*TASK TO CARRY OUT*
Below are records; reproduce exactly the lines from the one that has "Leland's Lures Trout Magnets Brown" through the one that has "เครื่องรับสัญญาณดาวเทียม Stonex S6II/S980A", ends included, and nothing more.
*** MATERIAL FOR THIS TASK ***
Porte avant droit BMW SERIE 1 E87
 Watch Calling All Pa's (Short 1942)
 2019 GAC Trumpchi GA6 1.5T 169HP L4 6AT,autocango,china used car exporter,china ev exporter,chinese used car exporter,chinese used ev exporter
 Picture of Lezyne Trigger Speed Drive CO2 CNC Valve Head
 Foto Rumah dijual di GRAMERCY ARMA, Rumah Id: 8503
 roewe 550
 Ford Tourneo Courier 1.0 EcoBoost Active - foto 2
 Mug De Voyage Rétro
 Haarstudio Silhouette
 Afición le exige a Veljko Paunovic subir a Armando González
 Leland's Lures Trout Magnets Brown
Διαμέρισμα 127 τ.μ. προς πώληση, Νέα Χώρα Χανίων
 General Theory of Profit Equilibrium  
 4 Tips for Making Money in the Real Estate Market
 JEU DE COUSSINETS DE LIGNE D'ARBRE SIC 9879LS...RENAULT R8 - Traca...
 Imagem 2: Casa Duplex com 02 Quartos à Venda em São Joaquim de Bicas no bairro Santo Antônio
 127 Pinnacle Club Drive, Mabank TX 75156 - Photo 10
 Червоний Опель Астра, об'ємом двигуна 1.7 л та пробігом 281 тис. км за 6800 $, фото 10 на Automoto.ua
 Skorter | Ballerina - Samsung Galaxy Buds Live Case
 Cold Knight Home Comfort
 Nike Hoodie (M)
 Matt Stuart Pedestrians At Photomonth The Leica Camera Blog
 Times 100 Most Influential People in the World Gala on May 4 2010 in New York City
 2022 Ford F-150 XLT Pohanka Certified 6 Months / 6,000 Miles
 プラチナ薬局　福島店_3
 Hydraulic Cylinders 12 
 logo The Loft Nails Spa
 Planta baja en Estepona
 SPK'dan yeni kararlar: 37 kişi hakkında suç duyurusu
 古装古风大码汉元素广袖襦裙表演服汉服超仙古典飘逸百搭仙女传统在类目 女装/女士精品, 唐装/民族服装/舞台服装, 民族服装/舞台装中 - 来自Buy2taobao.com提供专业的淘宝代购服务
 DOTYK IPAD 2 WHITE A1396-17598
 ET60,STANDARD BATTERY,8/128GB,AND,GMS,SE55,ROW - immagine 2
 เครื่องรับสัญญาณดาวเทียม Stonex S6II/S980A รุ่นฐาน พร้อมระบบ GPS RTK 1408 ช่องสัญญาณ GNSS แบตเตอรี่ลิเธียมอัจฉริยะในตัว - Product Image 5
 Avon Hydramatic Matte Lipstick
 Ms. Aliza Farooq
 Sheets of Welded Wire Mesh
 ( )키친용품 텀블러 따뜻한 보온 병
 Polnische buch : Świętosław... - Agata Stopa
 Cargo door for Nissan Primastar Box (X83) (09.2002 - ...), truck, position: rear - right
*** End of MATERIAL FOR THIS TASK ***
*RESULT*
 Leland's Lures Trout Magnets Brown
Διαμέρισμα 127 τ.μ. προς πώληση, Νέα Χώρα Χανίων
 General Theory of Profit Equilibrium  
 4 Tips for Making Money in the Real Estate Market
 JEU DE COUSSINETS DE LIGNE D'ARBRE SIC 9879LS...RENAULT R8 - Traca...
 Imagem 2: Casa Duplex com 02 Quartos à Venda em São Joaquim de Bicas no bairro Santo Antônio
 127 Pinnacle Club Drive, Mabank TX 75156 - Photo 10
 Червоний Опель Астра, об'ємом двигуна 1.7 л та пробігом 281 тис. км за 6800 $, фото 10 на Automoto.ua
 Skorter | Ballerina - Samsung Galaxy Buds Live Case
 Cold Knight Home Comfort
 Nike Hoodie (M)
 Matt Stuart Pedestrians At Photomonth The Leica Camera Blog
 Times 100 Most Influential People in the World Gala on May 4 2010 in New York City
 2022 Ford F-150 XLT Pohanka Certified 6 Months / 6,000 Miles
 プラチナ薬局　福島店_3
 Hydraulic Cylinders 12 
 logo The Loft Nails Spa
 Planta baja en Estepona
 SPK'dan yeni kararlar: 37 kişi hakkında suç duyurusu
 古装古风大码汉元素广袖襦裙表演服汉服超仙古典飘逸百搭仙女传统在类目 女装/女士精品, 唐装/民族服装/舞台服装, 民族服装/舞台装中 - 来自Buy2taobao.com提供专业的淘宝代购服务
 DOTYK IPAD 2 WHITE A1396-17598
 ET60,STANDARD BATTERY,8/128GB,AND,GMS,SE55,ROW - immagine 2
 เครื่องรับสัญญาณดาวเทียม Stonex S6II/S980A รุ่นฐาน พร้อมระบบ GPS RTK 1408 ช่องสัญญาณ GNSS แบตเตอรี่ลิเธียมอัจฉริยะในตัว - Product Image 5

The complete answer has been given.